To Jacob’s credit, he didn’t publicly call out his sons for selling Joseph into slavery.   Joseph had forgiven them and Jacob apparently let that go, too.  But, Jacob did use his dying breaths to go all the way back to the oldest of old offenses that his eldest 3 sons had every committed. 

In his last words, Father Jacob cursed his eldest children.

Reuben, you are my firstborn, my might and the beginning of my strength, the excellency of dignity and the excellency of power.   Unstable as water, you shall not excel, because you went up to your father’s bed; then you defiled it.  He went up to my couch.
 Simeon and Levi are brothers; instruments of cruelty are in their dwelling place. Let not my soul enter their council; let not my honor be united to their assembly;  for in their anger they slew a man, And in their self-will they hamstrung an ox.  Cursed be their anger, for it is fierce; And their wrath, for it is cruel! I will divide them in Jacob and scatter them in Israel” (Genesis 49:3-7).

Jacob dumped that on his sons and their descendants inherited the emotional baggage of their grandfather’s curse.
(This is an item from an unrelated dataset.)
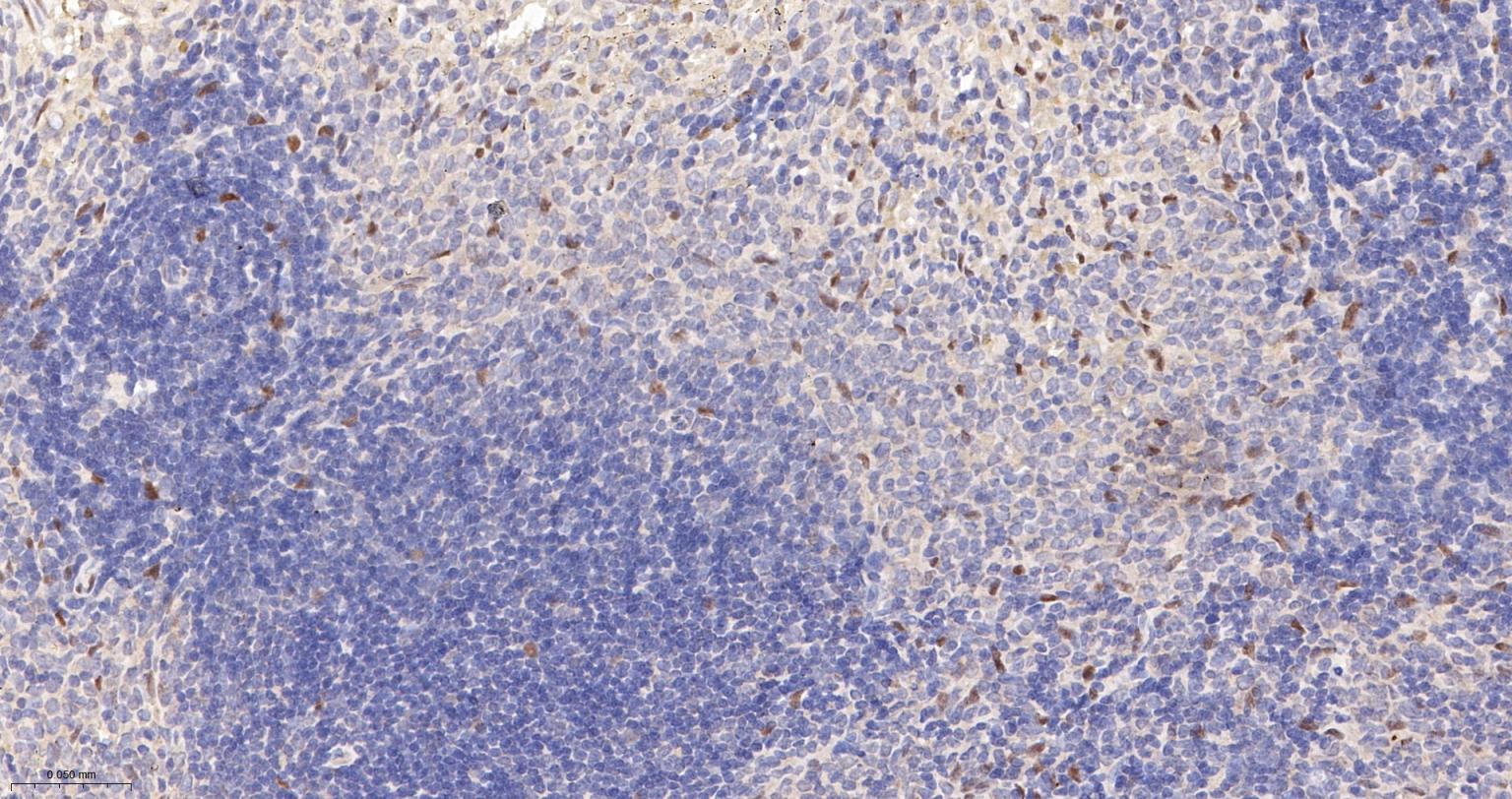 TEAD1重组兔单抗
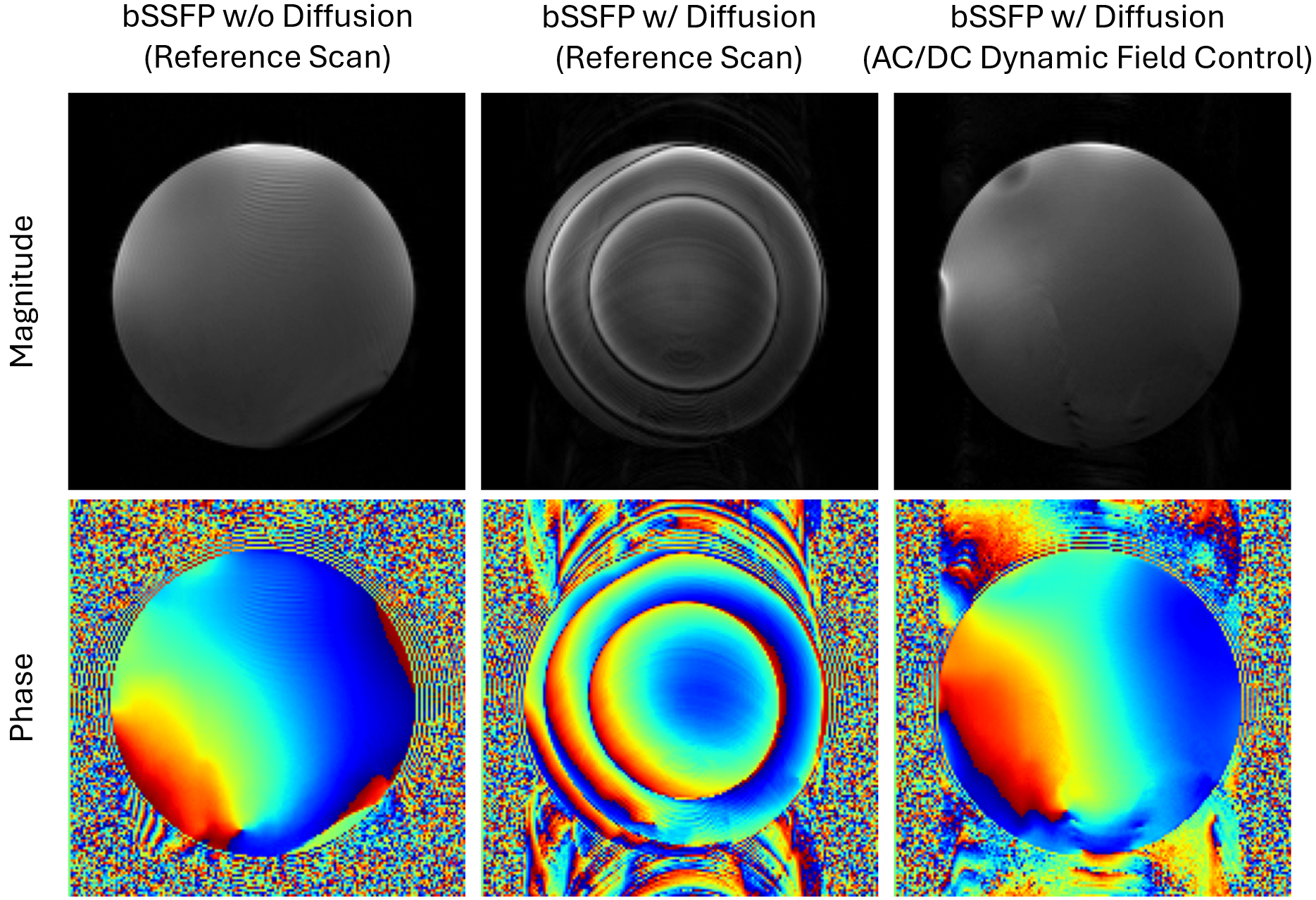Diffusion bSSFP Concomitant Field Compensation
Imagine being a Reubenite, Simeonite, or Levite (like Moses) for the next 500-plus years.  Imagine that every time you heard or spoke the name of your nation you remembered that the father of your nation cursed your community ---- with his dying breath.

(Cough . . . cough. George Washington was a slaveowner until the day he died and Thomas “all men are created equal” Jefferson’s will only emancipated 5 of his dozens of slaves and those 5 did not include Sally Hemmings the slave by whom the married Jefferson had at least 6 children . . . cough . . . cough)

That’s a lot of emotional baggage to pass down through the generations. 

You might even expect some of those the descendants to carry some latent rage. 

And a man of the house of Levi went and took as wife a daughter of Levi. So the woman conceived and bore a son. . . And when she saw that he was a beautiful child, she hid him three months. But when she could no longer hide him, she took an ark of bulrushes for him, daubed it with asphalt and pitch, put the child in it, and laid it in the reeds by the river’s bank. . . And the child grew, and she brought him to Pharaoh’s daughter, and he became her son. So she called his name Moses. . . when Moses was grown. . .  he saw an Egyptian beating a Hebrew, one of his brethren. So he looked this way and that way, and when he saw no one, he killed the Egyptian and hid him in the sand (Exodus 2:1-12).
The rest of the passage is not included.